- PROBLEM TO WORK ON -
Transcribe the whole listing without a single picture.

*** Opening DATA EXCERPTS ***

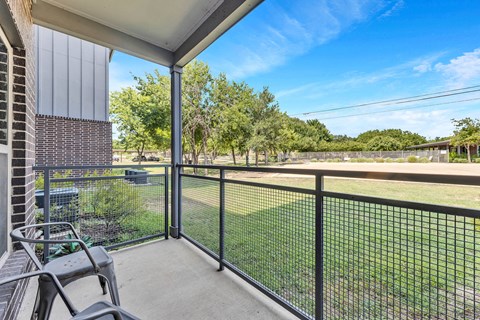 the preserve at ballantyne commons balcony and yard with grass and trees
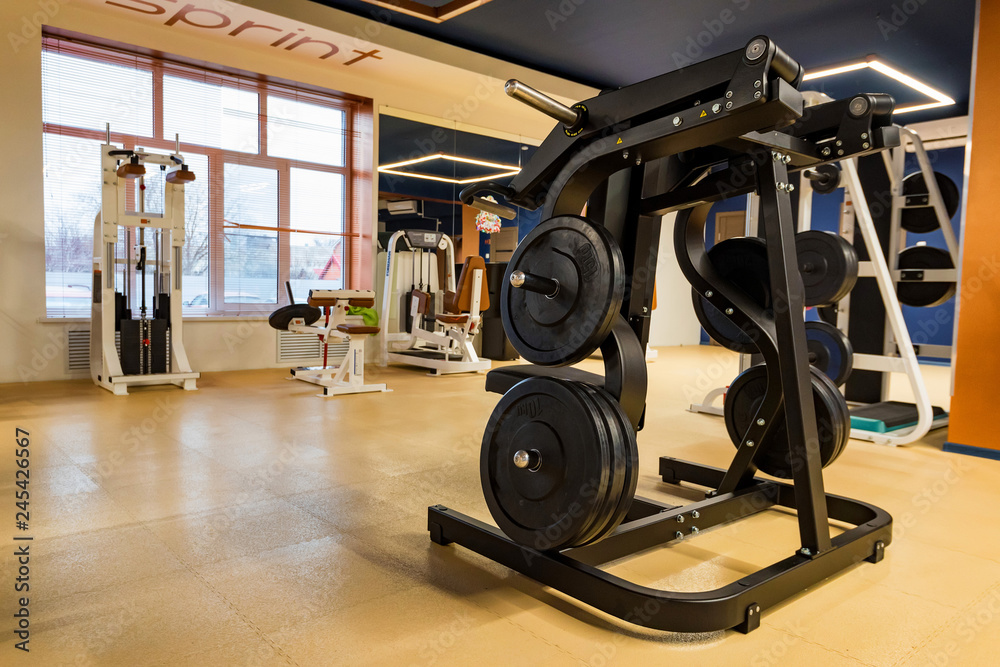 New fitness machines in modern gym interior New fitness machines in modern gym interior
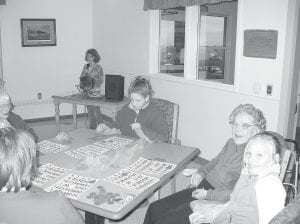 Above: Students from the Cook County Kids Plus Program visit the Care Center twice a month to play bingo, card games, and help with community service projects. Left: Kids Plus students enjoy Exercise Group when they get to use the hover sphere helium ball with residents.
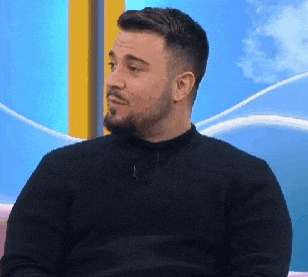 a man with a beard and mustache is wearing a black sweater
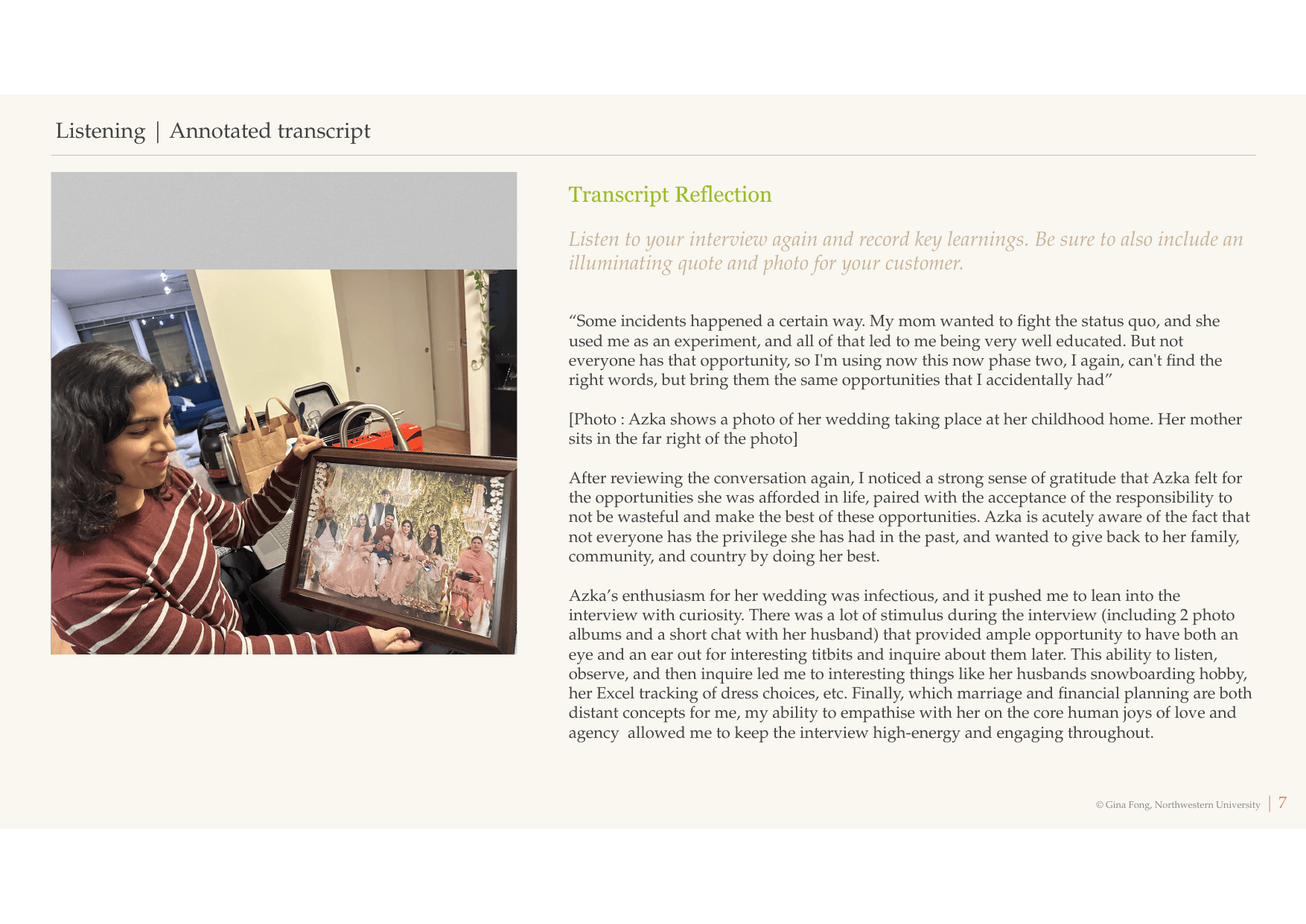 Azka holding open a wedding photo album, smiling, pointing at a specific image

*** Closing DATA EXCERPTS ***

- ANSWER TO THIS PROBLEM -
 the preserve at ballantyne commons balcony and yard with grass and trees
 New fitness machines in modern gym interior New fitness machines in modern gym interior
 Above: Students from the Cook County Kids Plus Program visit the Care Center twice a month to play bingo, card games, and help with community service projects. Left: Kids Plus students enjoy Exercise Group when they get to use the hover sphere helium ball with residents.
 a man with a beard and mustache is wearing a black sweater
 Azka holding open a wedding photo album, smiling, pointing at a specific image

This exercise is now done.